The attention to corporate governance is not limited to the NYSE. On May 24, 2002, Nasdaq’s board of governors approved similar, but not as extensive, rule changes regarding the definition of “independence” of directors for purposes of audit committees. The board is considering expanding the “independence” requirement for purposes of compensation committees yet this summer. Nasdaq will also consider requiring a majority of the board to be composed of independent directors.

SEC Proposed Rule on CEO Certification

On June 17, 2002, the SEC proposed new rules that would require a company's CEO and CFO to certify that, to their knowledge, the information in the company's quarterly and annual reports is true and that the reports contain all information about the company that they believe is important to a reasonable investor. In addition, proposed new rules would require a company to maintain procedures to provide reasonable assurance that the company is able to collect, process, and disclose the information required in the company's quarterly and annual reports, as well as current reports on Form 8-K, and also to require periodic review and evaluation of these procedures. The intent of these rules is to make a company’s CEO and CFO accountable to investors for the quality of disclosure and availability of information “to make informed investment and voting decisions and to ensure that capital is allocated efficiently to business enterprises.”

Annual Certification

The proposed rules would require the CEO and CFO each to certify in the company’s annual report that:

  • He or she has read the report;
  • The information in the report is true in all important respects as of the end of the period covered by the report, to his or her knowledge; and
  • The report contains all information about the company that he or she is aware of and believes is important to a reasonable investor as of the end of the period covered by the report.

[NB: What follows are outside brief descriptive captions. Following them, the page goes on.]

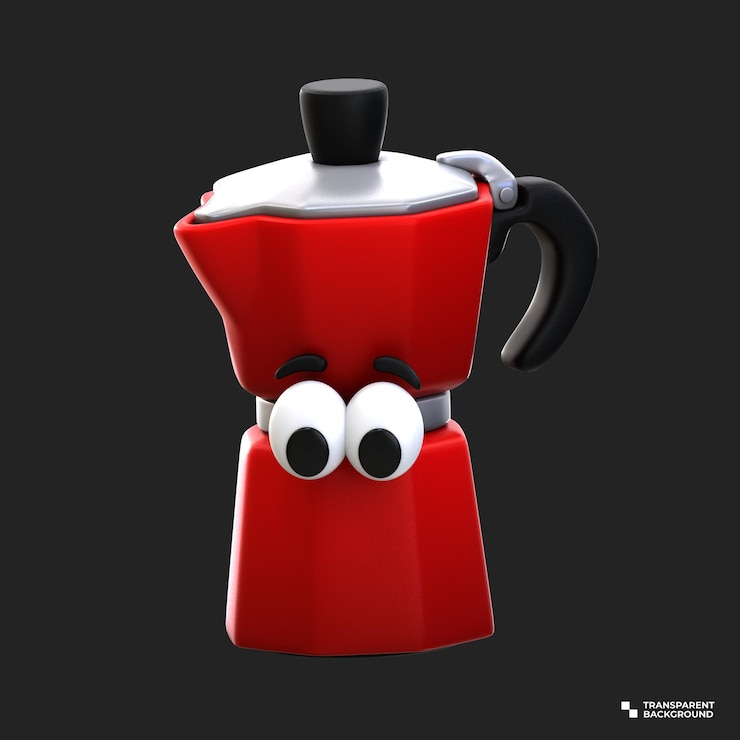 PSD renderização 3d de desenho animado icon cooking tool series coffee pot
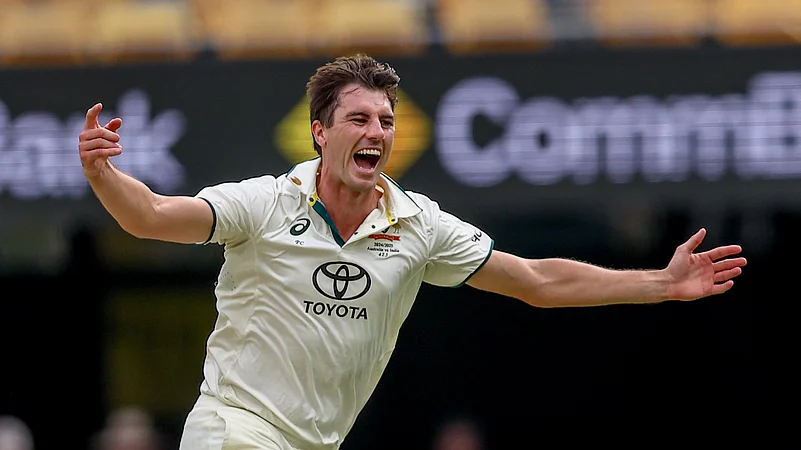Australias captain Pat Cummins celebrates the wicket. AP Photo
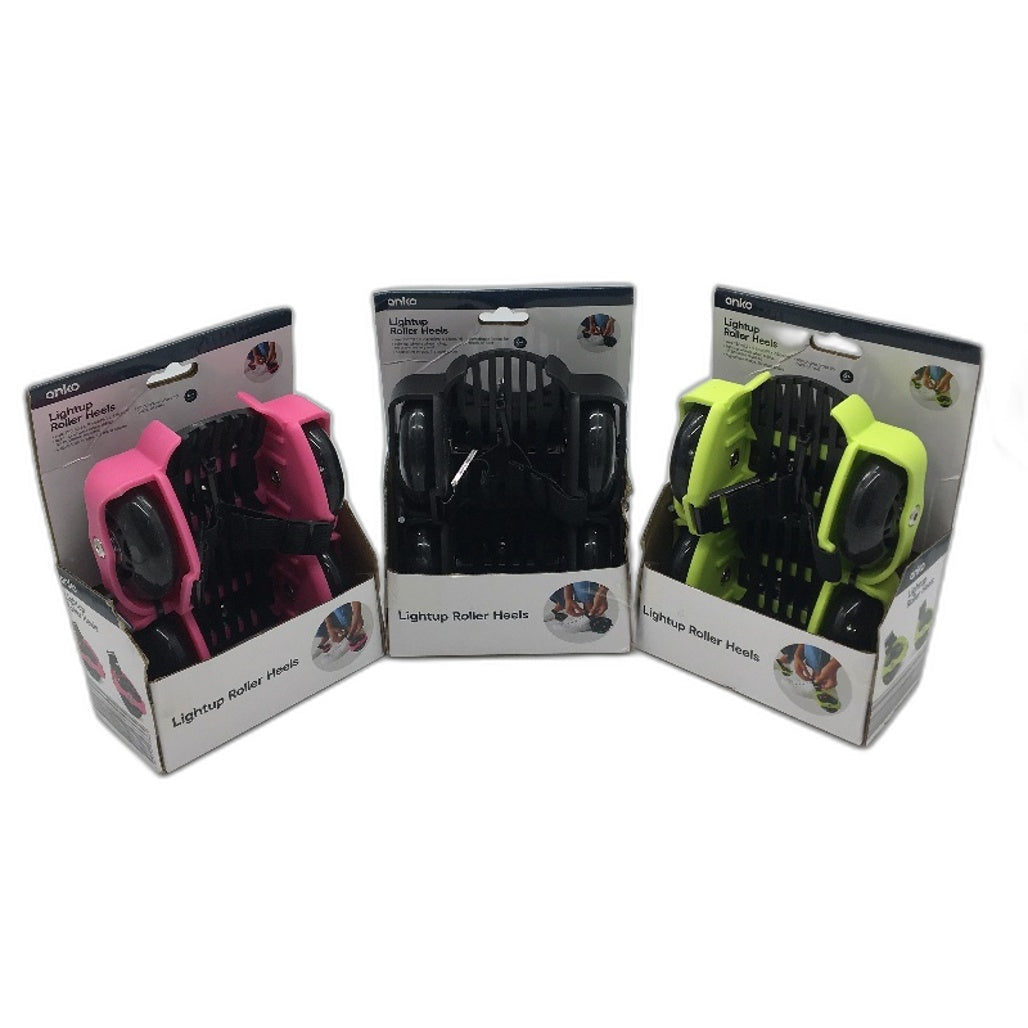 3 Pack Light Up Roller Heels Pink, Black & Green Shoe Attachment Wheels Ages 6+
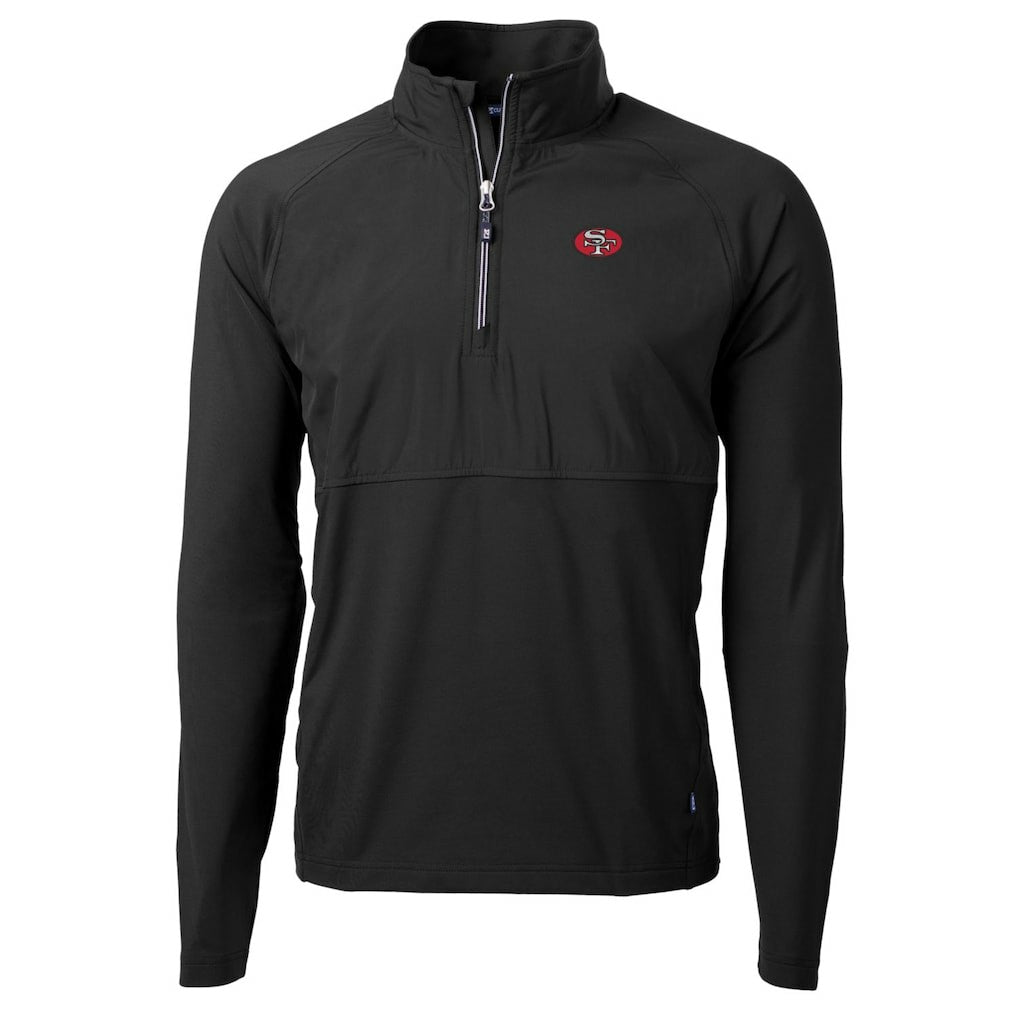 San Francisco 49ers Cutter & Buck Adapt Eco Knit Hybrid Recycled Quarter-Zip Throwback Pullover Top - Black - NFL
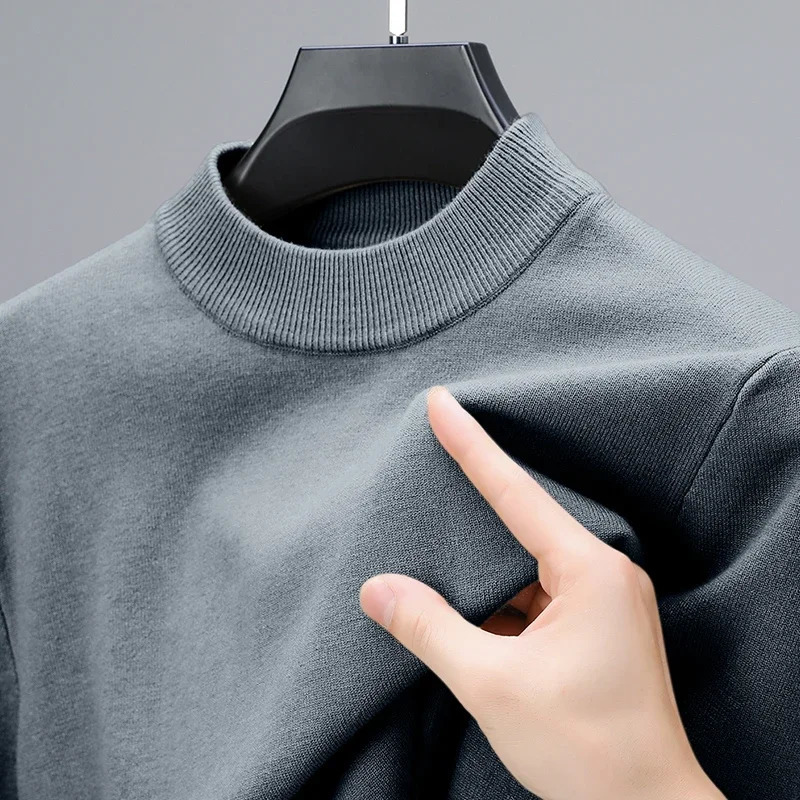 Half Turtleneck Knitwear Sweater AutumnWinter Mock Neck Sweatshirts Solid Color Pullovers Man Casual Mens Clothing 251017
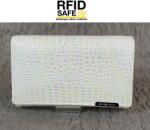 Jennifer Jones RFID védett. fehér, hologramos krokkó lakk, közepes, belső zippes pénz és irattárca 52612 - minosegitaska
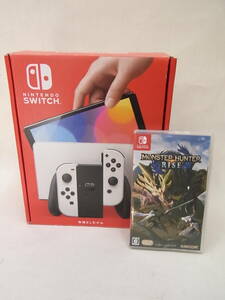 任天堂switch　本体　USED　有機EL　モデルホワイト　HEG-S-KAAAA　モンスターハンターソフト付き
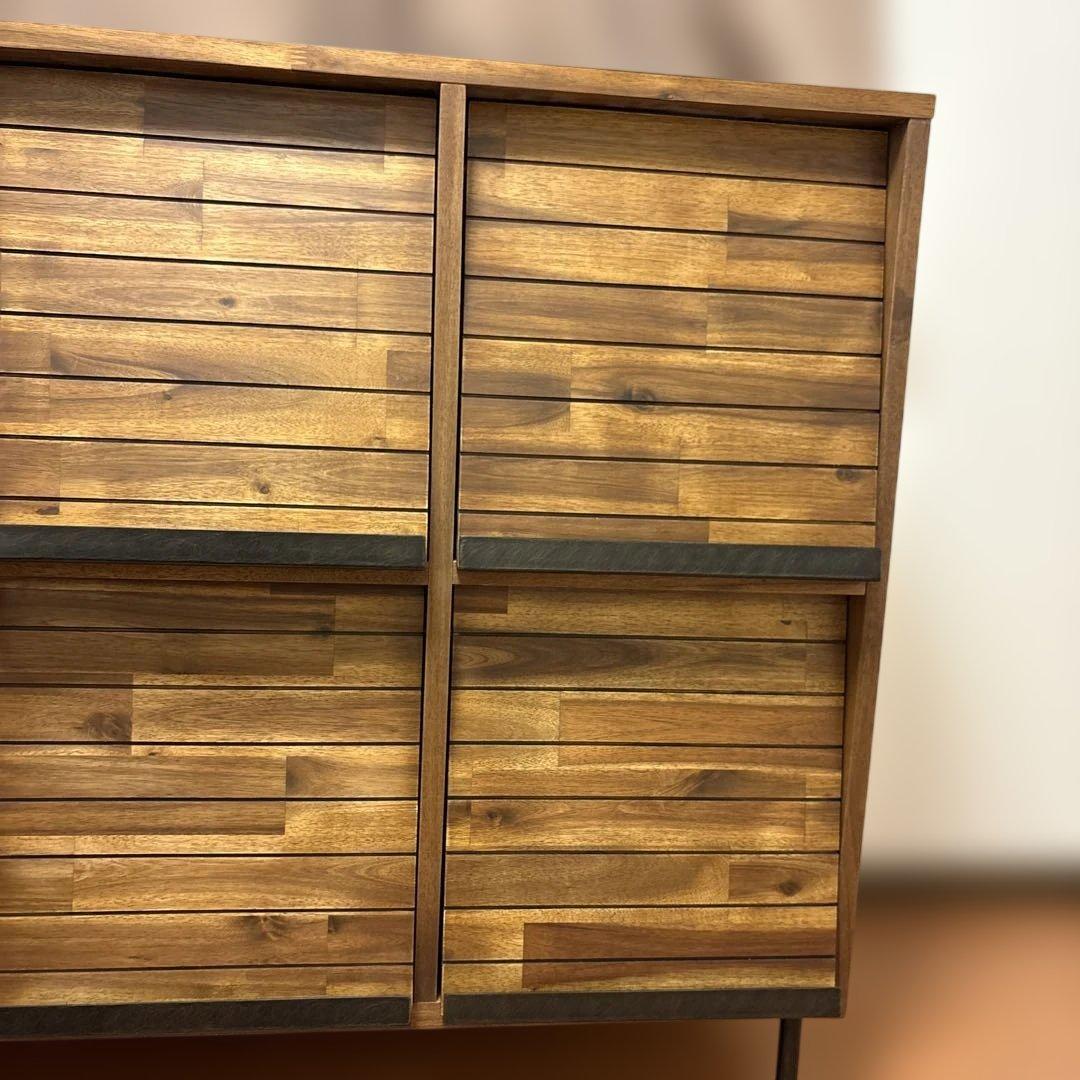 unico　SWELLA　スウェラ　レコードラック　アカシア材　W1190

Management Disclosure Committee

The SEC recommends that companies create a committee with responsibility for considering the materiality of information and determining disclosure obligations on a timely basis. The committee would report to senior management, including the principal executive officer and the principal financial officer, and would include:

  • The principal accounting officer or controller;
  • The general counsel or other senior legal official with responsibility for disclosure matters who reports to the general counsel;
  • The principal risk management officer;
  • The chief investor relations officer (or an officer with equivalent responsibilities); and
  • Other officers or employees, including individuals associated with the company's business units, as the company deems appropriate.

SEC Proposed Rule on Expanded 8-K Disclosure

On June 18, 2002, the SEC proposed expanding disclosure required by Form 8-K reports for companies subject to the period reporting requirements of the Securities Exchange Act of 1934. This is the most significant change since 1933 in disclosure requirements applicable to the U.S. markets.

One proposed change would accelerate the Form 8-K filing deadline by requiring companies to file Form 8-K within two business days after the occurrence of a triggering event rather than the current five business days and 15-calendar day deadlines.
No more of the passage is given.